Empequeñecido al lado de estos superhombres, adalides de ideologías fundamentalistas, al lector sólo le queda un personaje con el que identificarse: Valerian, cuyas ambiciones, modestas y humanas, son acordes a su físico y capacidades más ordinarias. De hecho, será su moderación y apertura de mente (aunque ésta venga dada por su agotamiento y cierta torpeza natural) la que le garantizará el laurel del campeón. Laureline, por su parte, queda un tanto marginada en esta historia, resignándose a desempeñar el papel de Penélope a la espera del retorno de su Ulises, aunque al final el guion recupera a esa joven arrojada y con carácter, devolviéndole la iniciativa para que sea ella la que “rescate” a Valerian.
Comentaba
en “Mundos Ficticios” su carácter de “álbum bisagra”. Algo de eso hay también
aquí porque “Los Héroes del Equinoccio” marca un cambio en el tono que las
siguientes entregas acentuarán aún más. No hay en juego grandes conceptos de
ciencia ficción y lo que se narra es una búsqueda más que un misterio que
resolver o una guerra entre facciones en la que mediar.
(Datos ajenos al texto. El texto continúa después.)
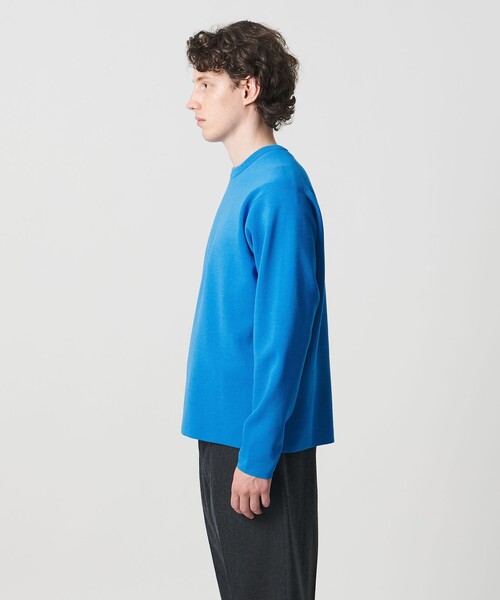 UNITED ARROWS（ユナイテッドアローズ）の「フォーシーズンズ ミラノリブ クルーネック ニット（ニット/セーター・メンズ・ブラック/ライトグレー/コバルトブルー・L/M/XL/S）」の21枚目の写真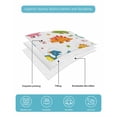 thumbnail image 4 of Twin Quilt Bedding Set, Cute Dinosaur Reversible Summer Quilt 3 Pieces, Cartoon Dino Funny Boys Girls Children Lightweight Bedspreads Coverlets with 2 Pillow Shams for All Seasons, 4 of 5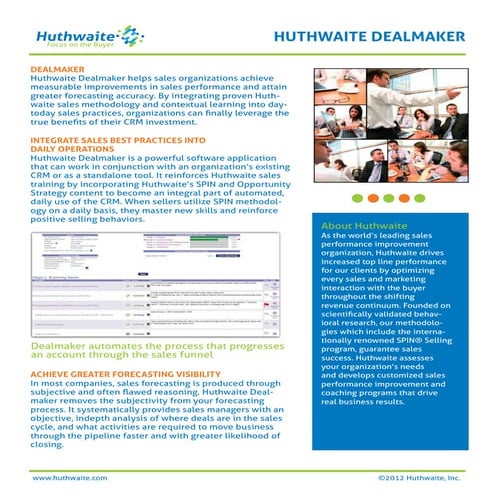 Huthwaite Dealmaker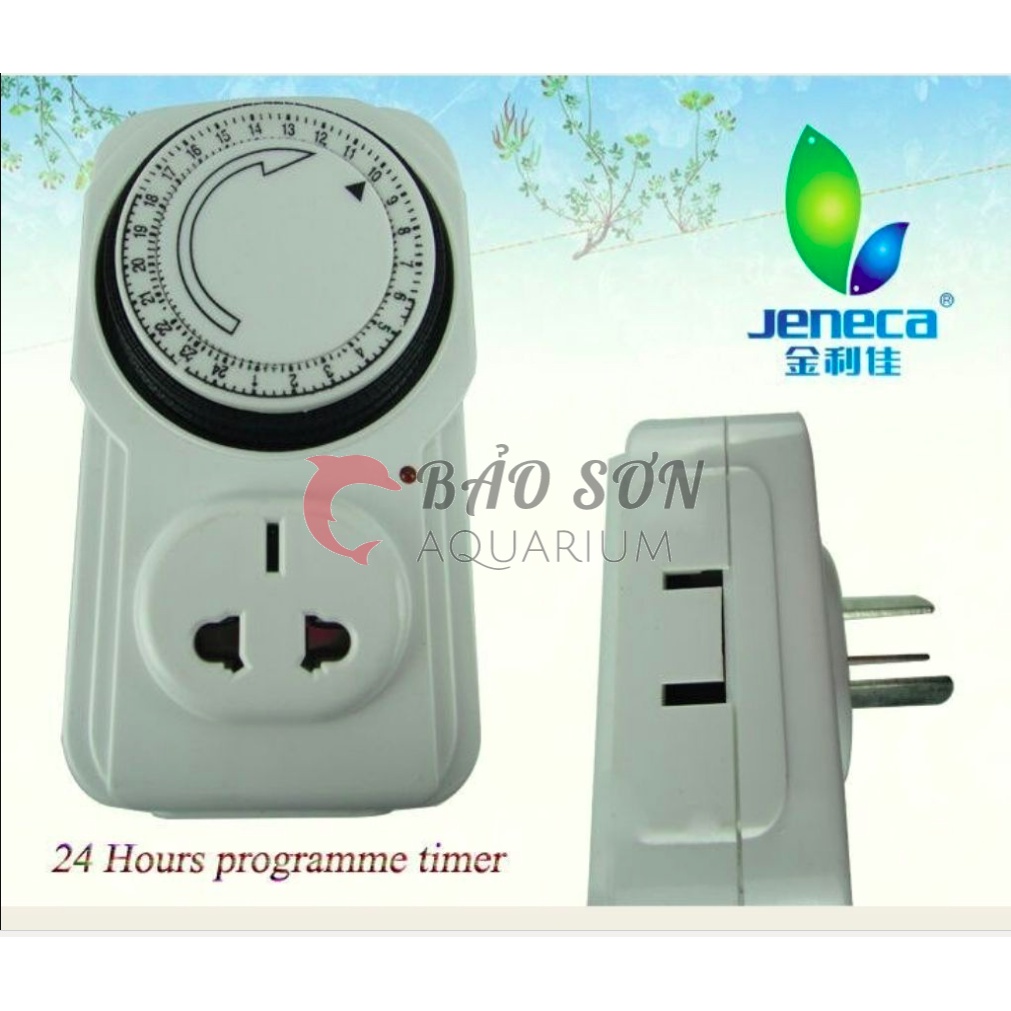 Timer hẹn giờ bể cá của Top-Aqua/Up-Aqua  - Hẹn giờ cơ tự động bặt tắt nguồn điện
Christin, ya lo he
dicho, inserta sus corrosivos comentarios críticos contra ciertas ideologías,
pero la base de la aventura es algo con una carga mucho más mítica: la lucha
del hombre contra los elementos y contra sí mismo a la búsqueda de un gran
premio.
Christin
imagina unos desafíos que son maravillosamente dibujados y narrados por Mézières,
cuyo montaje de página aquí es insuperable: dibuja dobles planchas de cuatro
tiras de viñetas con composiciones muy enérgicas y originales que narran
paralelamente la ordalía individual de cada uno de los campeones. En algunos de
los pasajes, usa la iluminación con propósitos casi expresionistas; y, de nuevo,
exhibe una facilidad insultante a la hora de diseñar vestidos, accesorios,
vehículos y arquitecturas. Los fondos que adornan las escenas en la decrépita
ciudad de Simlane y el soberbio palacio-templo de Filena son extraordinarios,
como también los diferentes entornos naturales a los qu
e deben enfrentarse los
competidores (como anécdota, Mézières utilizó los rasgos de su amigo Christin
para crear al maestro de ceremonias del último acto).
Un álbum, en fin, que roza la perfección: sobresalientemente dibujado y narrado y con una historia inteligente que mezcla la aventura de sabor mítico, la sátira de los dogmatismos ideológicos y la crítica a la idea de que la especie pueda ser salvada por superhéroes.